+++ EXERCISE INPUT +++

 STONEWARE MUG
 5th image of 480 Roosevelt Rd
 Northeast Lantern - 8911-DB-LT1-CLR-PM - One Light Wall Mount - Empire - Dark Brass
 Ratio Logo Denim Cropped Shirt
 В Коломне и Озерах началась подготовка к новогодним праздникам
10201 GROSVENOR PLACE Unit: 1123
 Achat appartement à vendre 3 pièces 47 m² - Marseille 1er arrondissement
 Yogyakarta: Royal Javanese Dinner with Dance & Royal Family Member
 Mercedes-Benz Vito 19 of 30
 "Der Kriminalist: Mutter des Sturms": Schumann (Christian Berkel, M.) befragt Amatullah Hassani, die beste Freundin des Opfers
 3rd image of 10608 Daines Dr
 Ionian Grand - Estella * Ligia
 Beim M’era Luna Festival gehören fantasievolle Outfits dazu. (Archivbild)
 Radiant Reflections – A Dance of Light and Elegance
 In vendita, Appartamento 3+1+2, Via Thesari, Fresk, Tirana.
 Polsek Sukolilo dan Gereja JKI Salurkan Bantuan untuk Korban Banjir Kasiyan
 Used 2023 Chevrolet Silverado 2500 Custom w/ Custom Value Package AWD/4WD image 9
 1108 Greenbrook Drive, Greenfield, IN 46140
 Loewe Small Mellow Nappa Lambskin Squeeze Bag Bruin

+++

> _WHAT THIS TASK INVOLVES_
Return the records in their entirety. Keep every character as it is.

> _TASK RESPONSE_
 STONEWARE MUG
 5th image of 480 Roosevelt Rd
 Northeast Lantern - 8911-DB-LT1-CLR-PM - One Light Wall Mount - Empire - Dark Brass
 Ratio Logo Denim Cropped Shirt
 В Коломне и Озерах началась подготовка к новогодним праздникам
10201 GROSVENOR PLACE Unit: 1123
 Achat appartement à vendre 3 pièces 47 m² - Marseille 1er arrondissement
 Yogyakarta: Royal Javanese Dinner with Dance & Royal Family Member
 Mercedes-Benz Vito 19 of 30
 "Der Kriminalist: Mutter des Sturms": Schumann (Christian Berkel, M.) befragt Amatullah Hassani, die beste Freundin des Opfers
 3rd image of 10608 Daines Dr
 Ionian Grand - Estella * Ligia
 Beim M’era Luna Festival gehören fantasievolle Outfits dazu. (Archivbild)
 Radiant Reflections – A Dance of Light and Elegance
 In vendita, Appartamento 3+1+2, Via Thesari, Fresk, Tirana.
 Polsek Sukolilo dan Gereja JKI Salurkan Bantuan untuk Korban Banjir Kasiyan
 Used 2023 Chevrolet Silverado 2500 Custom w/ Custom Value Package AWD/4WD image 9
 1108 Greenbrook Drive, Greenfield, IN 46140
 Loewe Small Mellow Nappa Lambskin Squeeze Bag Bruin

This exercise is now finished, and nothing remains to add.